In this post I will walk you through the process of learning how to write additional checkers for pylint!
Prerequisites
-
Read Contributing to pylint to get basic knowledge of how to execute the test suite and how it is structured. Basically call
tox -e py36
. Verify that all tests PASS locally! -
Read pylint's How To Guides, in particular the section about writing a new checker. A plugin is usually a Python module that registers a new checker.
-
Most of pylint checkers are AST based, meaning they operate on the abstract syntax tree of the source code. You will have to familiarize yourself with the AST node reference for the
astroid
andast
modules. Pylint uses Astroid for parsing and augmenting the AST.NOTE: there is compact and excellent documentation provided by the Green Tree Snakes project. I would recommend the Meet the Nodes chapter.
Astroid also provides exhaustive documentation and node API reference.

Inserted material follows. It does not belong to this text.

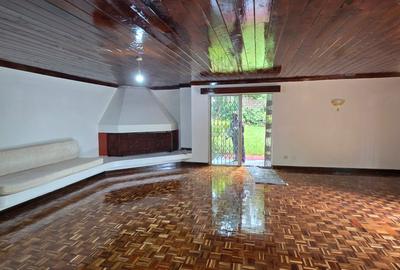 5 Bed House with En Suite in Lavington - 4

WARNING: sometimes Astroid node class names don't match the ones from ast!
-
Your interactive shell weapons are
ast.dump()
,ast.parse()
,astroid.parse()
andastroid.extract_node()
. I use them inside an interactive Python shell to figure out how a piece of source code is parsed and converted back to AST nodes! You can also try this ast node pretty printer! I personally haven't used it.

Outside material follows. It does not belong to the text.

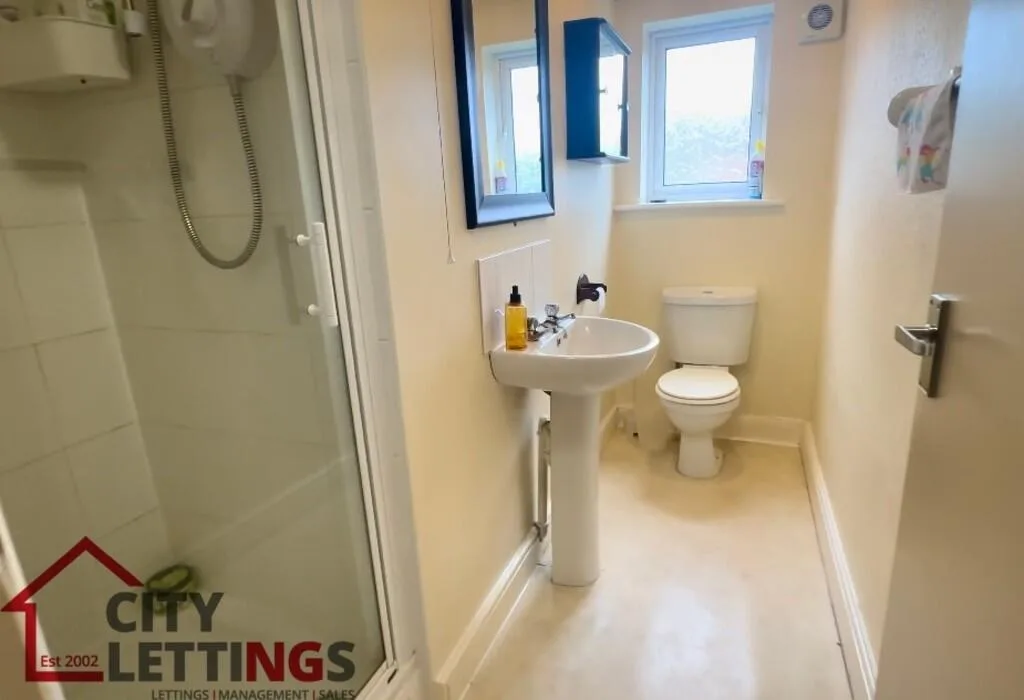 4 bedroom terraced house for rent
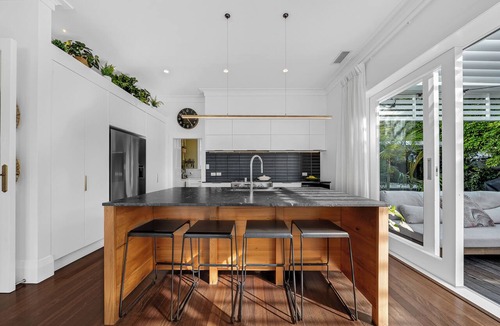 Narrow Neck House | Hamptons House by Narrow Neck Beach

How pylint processes the AST tree
Every checker class may include special methods with names
visit_xxx(self, node)
and leave_xxx(self, node)
where xxx is the lowercase
name of the node class (as defined by astroid). These methods are executed
automatically when the parser iterates over nodes of the respective type.
All of the magic happens inside such methods. They are responsible for collecting information about the context of specific statements or patterns that you wish to detect. The hard part is figuring out how to collect all the information you need because sometimes it can be spread across nodes of several different types (e.g. more complex code patterns).
There is a special decorator called @utils.check_messages
. You have to list
all message ids that your visit_
or leave_
method will generate!
How to select message codes and IDs
One of the most unclear things for me is message codes. pylint docs say
The message-id should be a 5-digit number, prefixed with a message category. There are multiple message categories, these being
C
,W
,E
,F
,R
, standing forConvention
,Warning
,Error
,Fatal
andRefactoring
. The rest of the 5 digits should not conflict with existing checkers and they should be consistent across the checker. For instance, the first two digits should not be different across the checker.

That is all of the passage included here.